> [PROBLEM REQUIREMENTS]: What is needed here is an exact copy of all the data.
*** Begin section ***
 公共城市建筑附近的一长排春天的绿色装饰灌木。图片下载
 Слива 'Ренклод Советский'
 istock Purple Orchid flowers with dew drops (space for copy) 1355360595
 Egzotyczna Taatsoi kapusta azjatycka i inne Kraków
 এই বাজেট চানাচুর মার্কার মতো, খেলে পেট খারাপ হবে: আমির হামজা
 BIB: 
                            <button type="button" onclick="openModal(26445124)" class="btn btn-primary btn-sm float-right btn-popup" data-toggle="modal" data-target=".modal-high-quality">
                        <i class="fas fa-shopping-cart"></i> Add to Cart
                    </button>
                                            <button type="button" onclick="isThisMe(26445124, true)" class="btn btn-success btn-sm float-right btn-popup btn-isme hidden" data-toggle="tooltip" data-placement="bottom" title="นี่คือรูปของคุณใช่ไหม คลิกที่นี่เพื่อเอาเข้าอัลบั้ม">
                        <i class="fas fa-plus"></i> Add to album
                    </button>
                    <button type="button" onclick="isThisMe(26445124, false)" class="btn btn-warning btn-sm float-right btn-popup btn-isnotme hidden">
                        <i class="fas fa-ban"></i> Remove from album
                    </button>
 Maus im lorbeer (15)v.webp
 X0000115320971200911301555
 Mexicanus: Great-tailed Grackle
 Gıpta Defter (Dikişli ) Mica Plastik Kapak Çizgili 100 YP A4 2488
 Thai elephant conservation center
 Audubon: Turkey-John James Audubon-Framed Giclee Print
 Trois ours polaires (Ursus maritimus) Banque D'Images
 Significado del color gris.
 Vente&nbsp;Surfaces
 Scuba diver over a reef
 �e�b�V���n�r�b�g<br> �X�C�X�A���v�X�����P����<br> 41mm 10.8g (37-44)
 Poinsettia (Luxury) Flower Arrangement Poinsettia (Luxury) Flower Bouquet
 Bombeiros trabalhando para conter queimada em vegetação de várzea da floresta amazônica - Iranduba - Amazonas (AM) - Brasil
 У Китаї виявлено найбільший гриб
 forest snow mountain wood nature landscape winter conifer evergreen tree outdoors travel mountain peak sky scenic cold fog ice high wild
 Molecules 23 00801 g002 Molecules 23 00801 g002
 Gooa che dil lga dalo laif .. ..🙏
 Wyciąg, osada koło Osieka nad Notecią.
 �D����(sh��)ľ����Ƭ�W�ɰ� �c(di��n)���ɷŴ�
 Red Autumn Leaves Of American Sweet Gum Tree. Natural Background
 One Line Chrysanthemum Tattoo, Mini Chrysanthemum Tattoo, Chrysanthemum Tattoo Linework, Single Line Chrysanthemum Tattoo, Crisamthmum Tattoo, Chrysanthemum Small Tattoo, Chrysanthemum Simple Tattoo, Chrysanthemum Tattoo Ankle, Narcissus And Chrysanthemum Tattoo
*** End section ***
> [ANSWER BOX]:
 公共城市建筑附近的一长排春天的绿色装饰灌木。图片下载
 Слива 'Ренклод Советский'
 istock Purple Orchid flowers with dew drops (space for copy) 1355360595
 Egzotyczna Taatsoi kapusta azjatycka i inne Kraków
 এই বাজেট চানাচুর মার্কার মতো, খেলে পেট খারাপ হবে: আমির হামজা
 BIB: 
                            <button type="button" onclick="openModal(26445124)" class="btn btn-primary btn-sm float-right btn-popup" data-toggle="modal" data-target=".modal-high-quality">
                        <i class="fas fa-shopping-cart"></i> Add to Cart
                    </button>
                                            <button type="button" onclick="isThisMe(26445124, true)" class="btn btn-success btn-sm float-right btn-popup btn-isme hidden" data-toggle="tooltip" data-placement="bottom" title="นี่คือรูปของคุณใช่ไหม คลิกที่นี่เพื่อเอาเข้าอัลบั้ม">
                        <i class="fas fa-plus"></i> Add to album
                    </button>
                    <button type="button" onclick="isThisMe(26445124, false)" class="btn btn-warning btn-sm float-right btn-popup btn-isnotme hidden">
                        <i class="fas fa-ban"></i> Remove from album
                    </button>
 Maus im lorbeer (15)v.webp
 X0000115320971200911301555
 Mexicanus: Great-tailed Grackle
 Gıpta Defter (Dikişli ) Mica Plastik Kapak Çizgili 100 YP A4 2488
 Thai elephant conservation center
 Audubon: Turkey-John James Audubon-Framed Giclee Print
 Trois ours polaires (Ursus maritimus) Banque D'Images
 Significado del color gris.
 Vente&nbsp;Surfaces
 Scuba diver over a reef
 �e�b�V���n�r�b�g<br> �X�C�X�A���v�X�����P����<br> 41mm 10.8g (37-44)
 Poinsettia (Luxury) Flower Arrangement Poinsettia (Luxury) Flower Bouquet
 Bombeiros trabalhando para conter queimada em vegetação de várzea da floresta amazônica - Iranduba - Amazonas (AM) - Brasil
 У Китаї виявлено найбільший гриб
 forest snow mountain wood nature landscape winter conifer evergreen tree outdoors travel mountain peak sky scenic cold fog ice high wild
 Molecules 23 00801 g002 Molecules 23 00801 g002
 Gooa che dil lga dalo laif .. ..🙏
 Wyciąg, osada koło Osieka nad Notecią.
 �D����(sh��)ľ����Ƭ�W�ɰ� �c(di��n)���ɷŴ�
 Red Autumn Leaves Of American Sweet Gum Tree. Natural Background
 One Line Chrysanthemum Tattoo, Mini Chrysanthemum Tattoo, Chrysanthemum Tattoo Linework, Single Line Chrysanthemum Tattoo, Crisamthmum Tattoo, Chrysanthemum Small Tattoo, Chrysanthemum Simple Tattoo, Chrysanthemum Tattoo Ankle, Narcissus And Chrysanthemum Tattoo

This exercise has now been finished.